What is the situation with feed additives and premixes? Is there any import replacement on the way?
“When it comes to premixes, we have managed to adopt the world’s best practices and mastered the advanced technologies. We are completely self-sufficient in terms of premixes on the domestic market. We have the biggest European premixes plant [operated by the Russian company Megamix]. Moreover, the production facilities have still to reach their full design production capacity. We are still in the early stages in the area of feed additives. So most feed additives in Russia, around 70%, are still imported. There are some lysine plants and a few other production facilities that were set up as joint ventures with international companies. But we still have a long road ahead of us towards replacing imports in this area.”
Russian veterinary legislation is criticised for allowing uncontrolled use of feed antibiotics, including in the poultry industry? What do you think about that?
“Unfortunately, this only shows that even in our age of digital technologies the pace at which up-to-date information is distributed is still rather slow.

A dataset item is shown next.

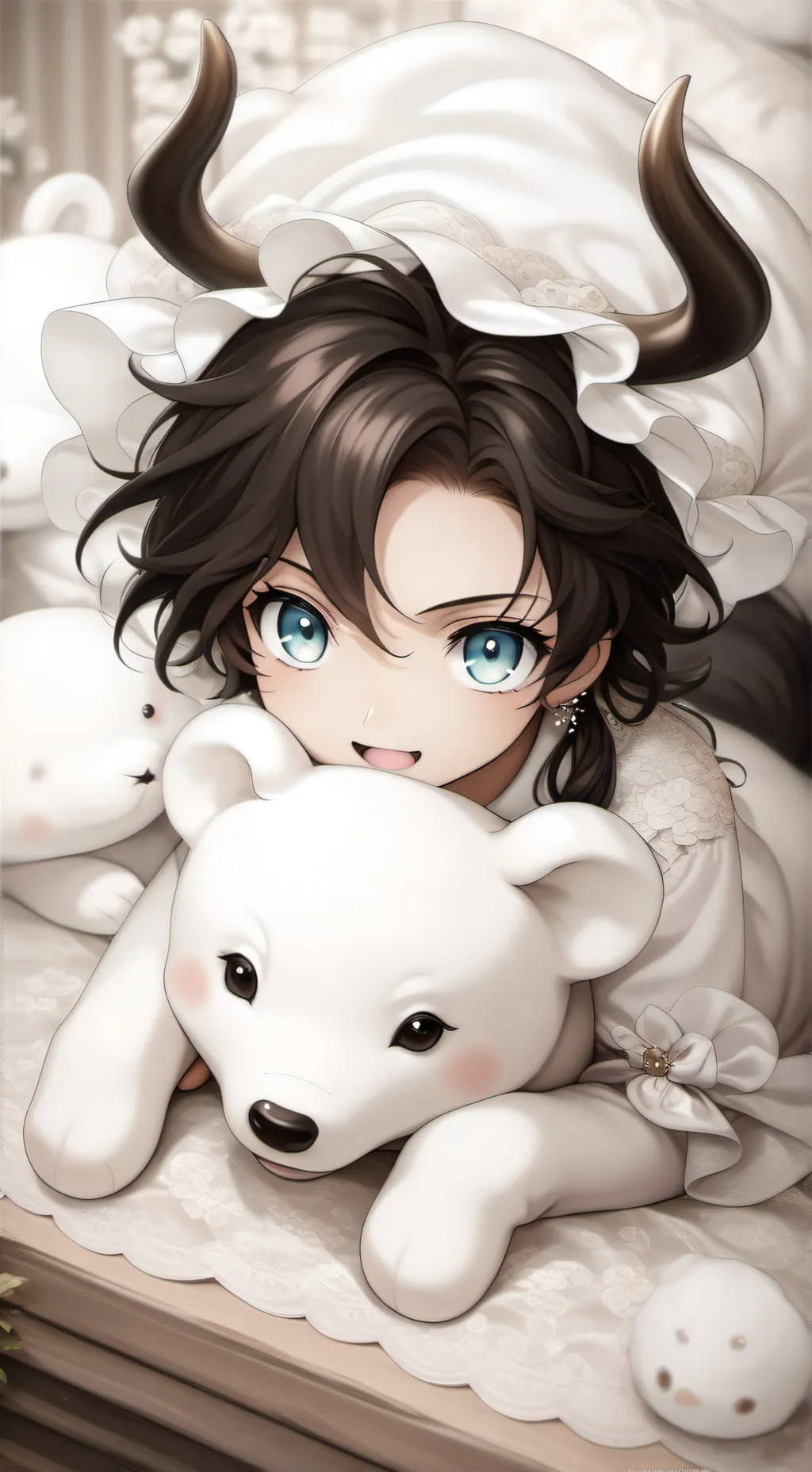 ai character: kny background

Russia and its legislation lags about ten years behind international standards. For example, Russia adopted a strategy to prevent antibiotic resistance in 2017. The preventive use of antibiotics was prohibited, while there was some significant revision of the legislation in the area of veterinary drug use. Russian agricultural companies are introducing their own programmes to control the use of feed antibiotics. So I can safely say that in this area we are among the best. And while other companies declare a reduction in feed antibiotic usage (while at the same time increasing the share of active substances), we are gradually moving towards the reasonable use of antibiotics in agriculture.”

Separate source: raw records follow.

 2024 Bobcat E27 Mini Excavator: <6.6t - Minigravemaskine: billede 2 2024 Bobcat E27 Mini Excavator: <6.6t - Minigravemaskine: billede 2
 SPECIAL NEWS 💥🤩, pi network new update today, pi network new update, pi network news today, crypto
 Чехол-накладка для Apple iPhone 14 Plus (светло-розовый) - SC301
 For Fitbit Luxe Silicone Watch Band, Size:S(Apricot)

Russia has seen a noticeable increase in halal poultry production, and the country recently introduced its first organic food standards? What are the prospects for these developments?
“The prospects are really bright. Estimates show that 5% to 10% of customers in Russia prefer poultry produced to halal standards. In addition, there is the export potential of halal poultry for the countries of the Muslim world. We also see that this kind of production has already made its way onto the wider market from being a traditionally religious niche. Along with a growing number of customers who do not consider themselves to be Muslim but who are opting for these products. They are perceived as premium quality products. The producers have to meet the consumers’ requirements. Although, halal standards are not compulsory [in Russia], poultry producers put a lot of money into meeting them. Demand from abroad also gives them the impetus to comply with halal standards. Countries with a Muslim population are the main poultry consuming regions of the world.

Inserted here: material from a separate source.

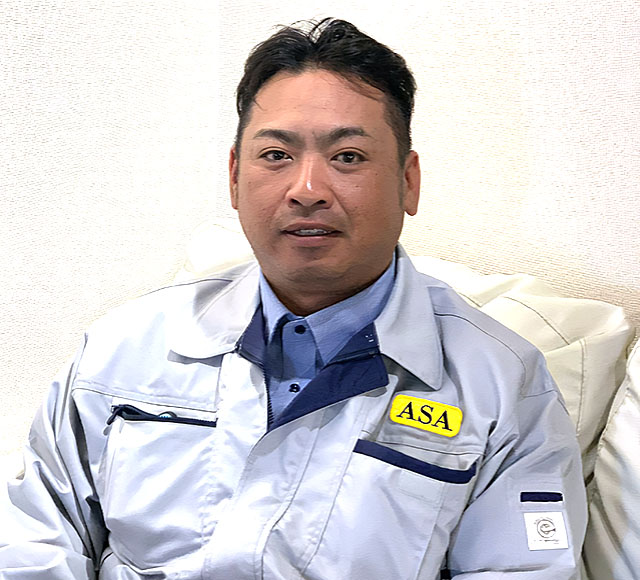 朝日海洋株式会社 代表取締役社⾧ 芹田 太一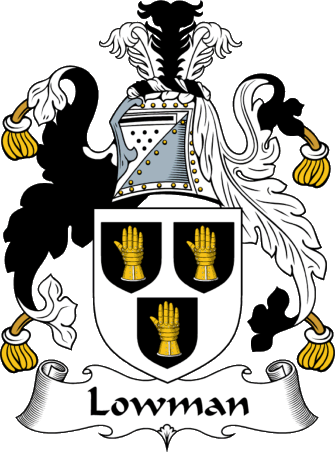 Lowman Coat of Arms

The Russian Agricultural Ministry predicts poultry exports could grow to 1.2 million tonnes by 2024, almost as much as for the entire EU 27? What is your forecast?
One of the objectives of our Union is to join the list of the world’s top ten biggest poultrymeat exporters. This is a short-term goal. Now we are 11th. By 2025, we want to be close to the top five. We have started building on our export strategy just recently. This year we plan to export 200,000 tonnes of poultrymeat and we aim for more. Our strategic markets are China, the countries of South-East Asia, the Middle East and North Africa. As I already noted, we will not always be able to compete in terms of production costs, but these relatively higher costs are offset by the high quality of our products. In Russia it is prohibited to grow GMO soy and feed GMO feedstuffs. There is also strict control of the vaccines and drugs used on the domestic veterinary market. In general, our veterinary inspection is somewhat stricter than in other countries. These and other factors make Russian products significantly better placed compared to our closest competitors. This makes us attractive in terms of quality and safety.”